Penantianku mungkin akan berujung sebuah entah. Dari berjuta bias kata-kata, mungkin aku akan menang. Menang untuk diriku sendiri. Aku terus belajar, dan menikmati kebodohanku. Menjadi yang terus bodoh hingga merasa aku harus tahu. Jutaan kata dan teori masih sempat aku pelajari. Aku menikmati segalanya. Pada awalnya, aku menulis hanya untuk mengerti seberapa besar kebodohanku. Seberapa penting tulisan itu mengubah seseorang. Dan kini, aku mulai mengerti. Seberapa berartikah diriku atas diriku sendiri?
Aku terperanjak..
Saat bahasa melilit tubuhku.
Memaksaku untuk mengerti tanpa pernah ku ingini
Penantian itu berujung akan jawaban.
Namun, langkahku terseok.
Aku tergelincir akan kebingunganku sendiri.
Jemariku mengudara. Tanganku menari-nari sekenanya. Entah berapa juta orang menertawakan kebodohanku itu. Aku tak peduli. Mereka mungkin tak akan pernah tahu, seberapa berharganya tulisan itu dimataku. Yang mereka tahu hanyalah kegagalanku menjadikannya sebuah buku. Sungguh, begitu menyakitkan.
Aku bukan seorang penulis yang baik. Yang aku bisa hanyalah belajar dan belajar.

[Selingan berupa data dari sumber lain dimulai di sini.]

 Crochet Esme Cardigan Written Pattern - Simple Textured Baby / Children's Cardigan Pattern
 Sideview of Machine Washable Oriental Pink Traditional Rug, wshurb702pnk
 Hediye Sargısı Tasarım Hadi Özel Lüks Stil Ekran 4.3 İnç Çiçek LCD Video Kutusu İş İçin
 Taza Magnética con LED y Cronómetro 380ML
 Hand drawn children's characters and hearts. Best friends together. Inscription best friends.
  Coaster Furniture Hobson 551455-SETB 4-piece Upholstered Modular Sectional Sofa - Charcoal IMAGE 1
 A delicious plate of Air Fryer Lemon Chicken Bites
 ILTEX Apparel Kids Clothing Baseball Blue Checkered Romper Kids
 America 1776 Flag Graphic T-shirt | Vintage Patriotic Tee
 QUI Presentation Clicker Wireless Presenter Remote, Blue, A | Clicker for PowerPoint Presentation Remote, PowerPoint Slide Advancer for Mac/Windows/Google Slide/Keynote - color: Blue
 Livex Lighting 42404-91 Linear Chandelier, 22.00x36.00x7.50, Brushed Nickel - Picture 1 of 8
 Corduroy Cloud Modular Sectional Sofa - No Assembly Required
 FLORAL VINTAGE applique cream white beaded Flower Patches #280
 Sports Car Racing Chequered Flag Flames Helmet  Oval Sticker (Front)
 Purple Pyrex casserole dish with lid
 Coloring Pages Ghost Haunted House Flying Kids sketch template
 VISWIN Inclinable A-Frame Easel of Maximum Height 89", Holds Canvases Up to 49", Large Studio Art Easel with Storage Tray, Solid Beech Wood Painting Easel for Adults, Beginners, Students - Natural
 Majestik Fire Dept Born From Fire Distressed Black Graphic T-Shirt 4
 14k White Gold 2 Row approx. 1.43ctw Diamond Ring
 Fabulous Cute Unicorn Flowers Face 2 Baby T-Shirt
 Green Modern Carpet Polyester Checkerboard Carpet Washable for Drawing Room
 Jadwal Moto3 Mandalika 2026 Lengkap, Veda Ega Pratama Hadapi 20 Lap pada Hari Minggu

Memahami seluk beluk sastra, susastra, semiotik, semantik, dan berjuta tautan linguistik lainnya.
Kebodohanku ini terus membuat langkahku menyeok.
Semakin ku belajar, idealis itu akan terus memudar.
Terlintas beberapa makna yang tersirat dari jutaan kata yang kurangkai.
"Pada lini masa, seseorang berjalan tanpa henti. Hingga dihentikan hujan."
Demikian sebutku dalam buku yang gagal ku terbitkan. Begitu memalukan. Menyakitkan.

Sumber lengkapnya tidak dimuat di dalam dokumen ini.